Como Dahmer era um homem branco, naquela abordagem policial ele tranquilamente seguiu o seu caminho. É o privilégio branco: quando uma pessoa branca nasce, ela já nasce com privilégios em razão da sua cor da pele. Oportunidades lhes são dadas em razão disso e são blindadas de situações vivenciadas rotineiramente por pessoas negras, como violência policial.

Palavra de homem branco: quase inquestionável

Dahmer só parou anos depois, em 1991, quando a vítima Tracy Edwards conseguiu escapar de seu apartamento e – finalmente – policiais lá encontraram diversas provas dos crimes praticados por ele praticados. Em nenhum momento estava sendo procurado, apesar de diversos desaparecimentos de pessoas negras em semelhantes circunstâncias. Em nenhum momento demonstrou tensão, preocupação em ser descoberto. Em nenhum momento pensou em não mais praticar crimes com o mesmo modus operandi. Em uma sociedade racista, pessoas negras precisam a todo momento provar sua inocência, ao passo de que é preciso muito para se duvidar e questionar a palavra de uma pessoa branca.

Notas de rodapé

[1] Os dois primeiros foram Ted Bundy (cujo caso também tem filme na plataforma, estrelado por Zac Efron) e John Wayne Gacy, conhecido como Killer Clown (que aparece na série de Dahmer).
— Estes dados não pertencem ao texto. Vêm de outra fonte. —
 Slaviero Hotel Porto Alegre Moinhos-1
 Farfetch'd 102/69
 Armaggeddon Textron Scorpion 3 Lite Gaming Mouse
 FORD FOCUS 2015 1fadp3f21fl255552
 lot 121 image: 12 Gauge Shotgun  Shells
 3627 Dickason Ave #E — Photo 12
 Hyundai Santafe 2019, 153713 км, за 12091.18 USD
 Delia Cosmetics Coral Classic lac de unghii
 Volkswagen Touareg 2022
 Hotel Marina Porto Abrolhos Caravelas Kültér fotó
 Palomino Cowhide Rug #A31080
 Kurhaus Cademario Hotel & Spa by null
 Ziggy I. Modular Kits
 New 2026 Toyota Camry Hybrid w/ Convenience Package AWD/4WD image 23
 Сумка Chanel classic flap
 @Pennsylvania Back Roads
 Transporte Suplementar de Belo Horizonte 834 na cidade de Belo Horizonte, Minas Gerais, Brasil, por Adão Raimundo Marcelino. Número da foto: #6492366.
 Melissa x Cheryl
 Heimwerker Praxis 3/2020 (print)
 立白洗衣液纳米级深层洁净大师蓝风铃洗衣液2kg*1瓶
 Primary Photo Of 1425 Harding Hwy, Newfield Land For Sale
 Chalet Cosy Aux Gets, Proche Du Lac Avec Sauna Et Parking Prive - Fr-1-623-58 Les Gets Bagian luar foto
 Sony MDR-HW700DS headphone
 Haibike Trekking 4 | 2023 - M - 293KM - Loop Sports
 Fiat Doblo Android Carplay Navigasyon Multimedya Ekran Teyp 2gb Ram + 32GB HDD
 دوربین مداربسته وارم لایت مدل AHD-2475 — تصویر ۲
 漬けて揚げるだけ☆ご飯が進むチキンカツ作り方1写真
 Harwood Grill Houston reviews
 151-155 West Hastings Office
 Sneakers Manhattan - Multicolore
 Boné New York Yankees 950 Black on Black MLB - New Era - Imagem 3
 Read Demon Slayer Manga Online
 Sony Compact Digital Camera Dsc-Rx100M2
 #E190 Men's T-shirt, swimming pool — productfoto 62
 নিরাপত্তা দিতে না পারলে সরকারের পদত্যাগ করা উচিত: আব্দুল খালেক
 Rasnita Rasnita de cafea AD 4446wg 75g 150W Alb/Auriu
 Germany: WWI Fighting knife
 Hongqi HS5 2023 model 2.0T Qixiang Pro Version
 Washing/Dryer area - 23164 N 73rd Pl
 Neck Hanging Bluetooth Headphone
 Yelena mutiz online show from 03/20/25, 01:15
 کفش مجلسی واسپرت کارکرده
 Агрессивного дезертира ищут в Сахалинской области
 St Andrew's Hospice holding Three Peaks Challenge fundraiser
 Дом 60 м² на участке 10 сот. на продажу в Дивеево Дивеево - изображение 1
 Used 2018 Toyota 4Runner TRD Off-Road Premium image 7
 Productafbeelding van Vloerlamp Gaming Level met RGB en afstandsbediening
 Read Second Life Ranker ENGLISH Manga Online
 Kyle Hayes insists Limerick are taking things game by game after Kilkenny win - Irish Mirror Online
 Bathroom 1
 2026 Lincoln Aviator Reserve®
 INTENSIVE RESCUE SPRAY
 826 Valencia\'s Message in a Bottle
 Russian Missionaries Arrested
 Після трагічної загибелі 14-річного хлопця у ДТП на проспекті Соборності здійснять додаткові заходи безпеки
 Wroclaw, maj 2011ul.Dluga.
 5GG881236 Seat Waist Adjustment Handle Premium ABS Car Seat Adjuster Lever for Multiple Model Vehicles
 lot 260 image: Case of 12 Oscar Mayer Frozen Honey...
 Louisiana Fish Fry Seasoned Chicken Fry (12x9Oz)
[2] Alguns familiares de vítimas de Dahmer questionaram o fato de ser produzido mais material às custas da exploração do sofrimento de quem realmente vivenciou o fato e, até hoje, tem traumas por conta disso. Saiba mais em https://olhardigital.com.br/2022/09/27/cinema-e-streaming/dahmer-familia-de-vitima-do-serial-killer-reclama-da-serie/

[3] Segundo o neurocientista Carl Hart, o medo do crack provocou uma histeria em massa, o que fez com que a Lei do Crack estabelecesse penalidades cem vezes mais severas para o crack do que para a cocaína. HART, Carl. Drogas para adultos. Rio de Janeiro: Zahar, 2021. p. 40.

[4] HART, Carl. Drogas para adultos. Rio de Janeiro: Zahar, 2021. pp. 39 e 41.

[5] Apesar de não mostrar na série, em 1991 os dois policiais são considerados culpados de negligência grave e, ainda assim, Balcernak sustenta que “fizeram o melhor”. Em razão de corporativismo, em 1994 os dois policiais foram reintegrados.

[6] Na série, a personagem é Glenda Cleveland que, na vida real, não morava no mesmo prédio.

[7] Isso é muito bem ilustrado no livro “O ódio que você semeia”, de Angie Thomas, que ganhou adaptação homônima para a telona.

[8] ALMEIDA, Silvio. Racismo estrutural. São Paulo: Sueli Carneiro; Polen, 2019. pp. 37/38.